I have that Quintet in E Flat, Op. 44. But I have it with Martha Argerich on the piano. The Dvorak Quintet I have is off a 51 Disc Box Set I have of Richter. Thank you, I will check it out though.

V


----------



## Brahmsian Colors

Brahms Clarinet Quintet


----------



## Open Book

More Dvorak you might like.
Cleveland Quartet plays Dvorak 'American' Quartet, Op. 96.


----------



## Varick

Open Book said:


> More Dvorak you might like.
> Cleveland Quartet plays Dvorak 'American' Quartet, Op. 96.


Yes, that is a wonderful piece. The second mvmt is just gorgeous. I am finding that being a pianist, I am really enjoying Piano Trios and Piano Quintets and such more than straight up string quartets and ensembles. But this is very nice. Time to look into more Dvorak Quartets. Thank you.

V


----------



## MarkW

Go to concerts. Nothing exposes you to chamber music in a way that maximizes your interest, broadens your horizons, and makes you want to hear pieces again than hearing them live. A recording registers so much more if you have already experienced it in person.


----------



## Open Book

Varick said:


> Yes, that is a wonderful piece. The second mvmt is just gorgeous. I am finding that being a pianist, I am really enjoying Piano Trios and Piano Quintets and such more than straight up string quartets and ensembles.

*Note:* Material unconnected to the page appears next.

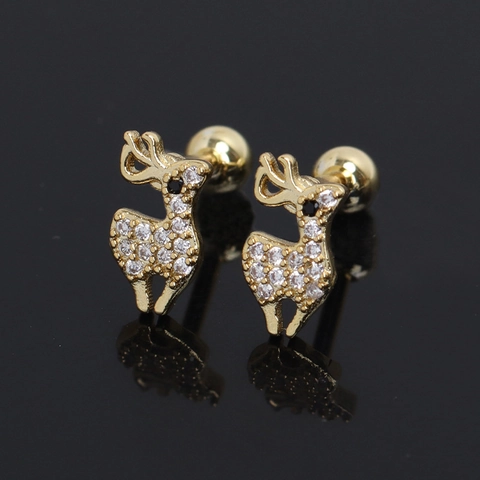 Edelstahl Elch Strass Ohrstecker Für Damen Herren Weihnachten Hirsch Tier Form Schraubverschluss Piercing Schmuck Geschenk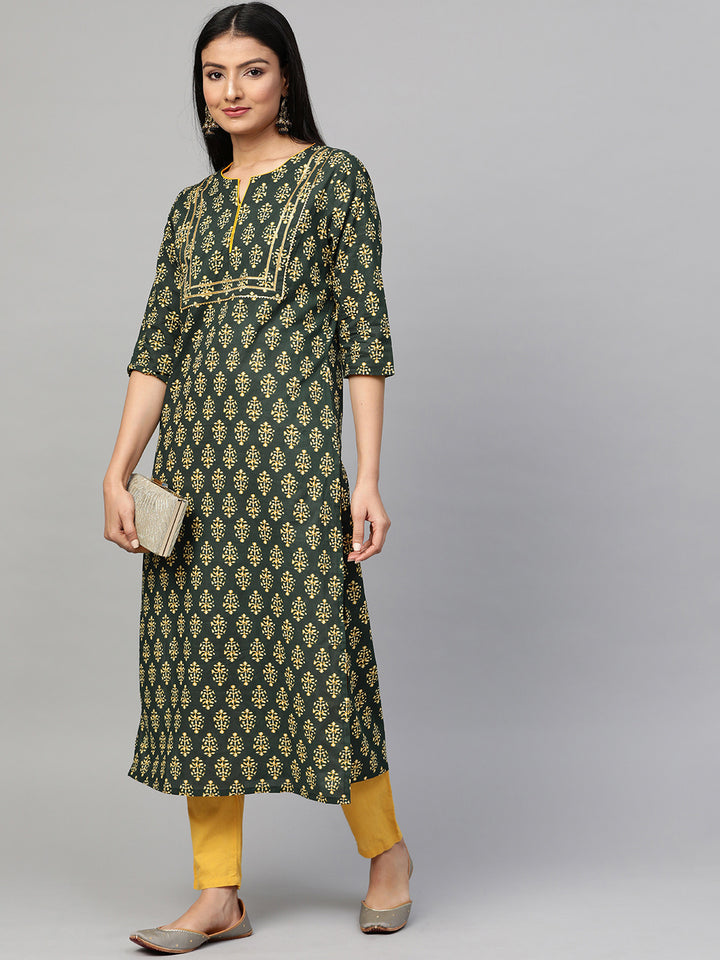 Women Green Printed Yoke Design Kurta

But this is very nice. Time to look into more Dvorak Quartets. Thank you.
> 
> V


I like this performance, it brings out an American quality in some of the themes in a way that many other performers can't match. Especially in the second movement.

I have had a hard time with chamber music myself. Strings alone were the most challenging, thorny. Piano and strings is easier, a more inviting format. It was a struggle, but now some all-string chamber works are some of my favorite music.


----------



## Varick

Open Book said:


> I like this performance, it brings out an American quality in some of the themes in a way that many other performers can't match. Especially in the second movement.
> 
> I have had a hard time with chamber music myself. Strings alone were the most challenging, thorny. Piano and strings is easier, a more inviting format. It was a struggle, but now some all-string chamber works are some of my favorite music.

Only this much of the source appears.